* **Task to carry out**: Each entry below is to be written out exactly, and the pictures are to be left out.
++++
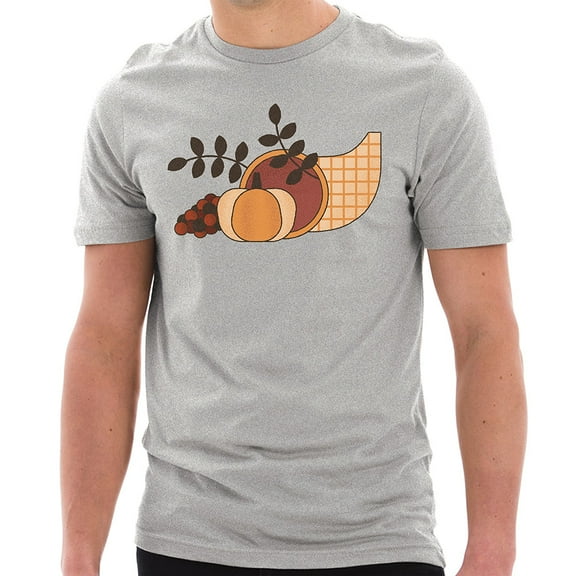 Big Size Cornacopia Graphic Design Unisex Ring Spun Combed Cotton Short Sleeve Deluxe Jersey T-Shirt - Heather Grey XL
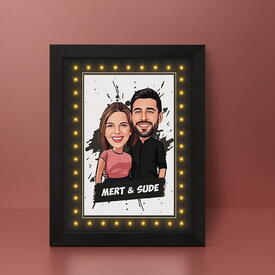  - Uyumlu Çiftler Karikatürlü Işıklı Tablo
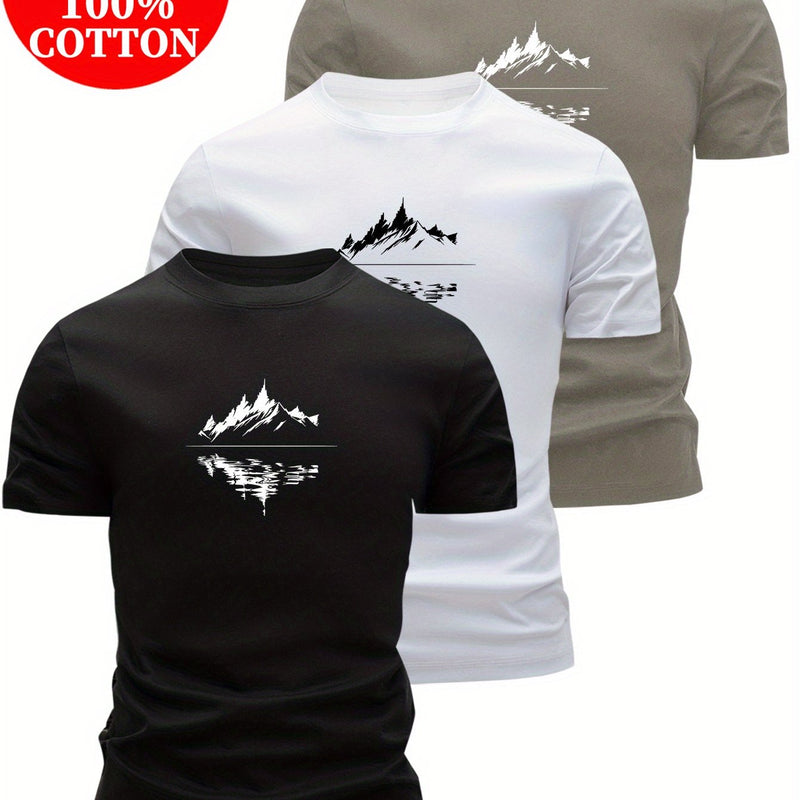 3pcs 100% Cotton T-Shirts with Landscape Pattern.
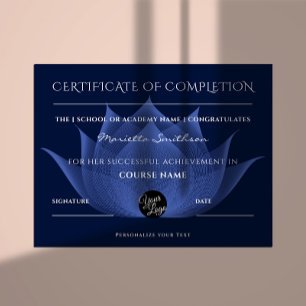 Lámina Certificado De Finalización Flor Lotus Para Yoga R
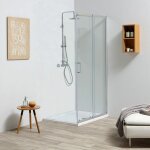 Kiamami valentina - porte coulissante et verre fixe pour paroi de douche extensible 110 - 120 leo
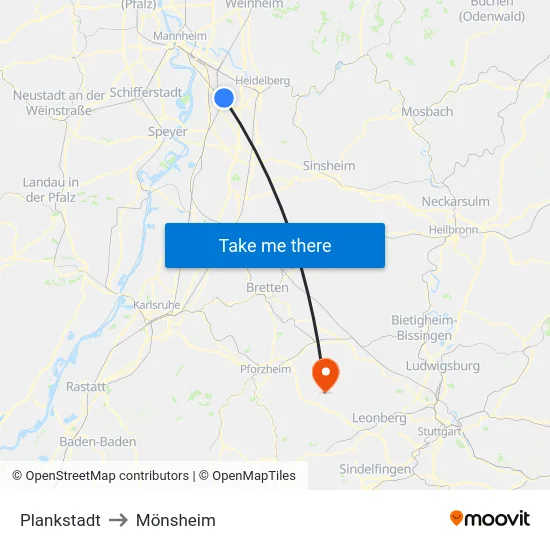 Plankstadt to Mönsheim map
++++
* **Written reply**:
 Big Size Cornacopia Graphic Design Unisex Ring Spun Combed Cotton Short Sleeve Deluxe Jersey T-Shirt - Heather Grey XL
  - Uyumlu Çiftler Karikatürlü Işıklı Tablo
 3pcs 100% Cotton T-Shirts with Landscape Pattern.
 Lámina Certificado De Finalización Flor Lotus Para Yoga R
 Kiamami valentina - porte coulissante et verre fixe pour paroi de douche extensible 110 - 120 leo
 Plankstadt to Mönsheim map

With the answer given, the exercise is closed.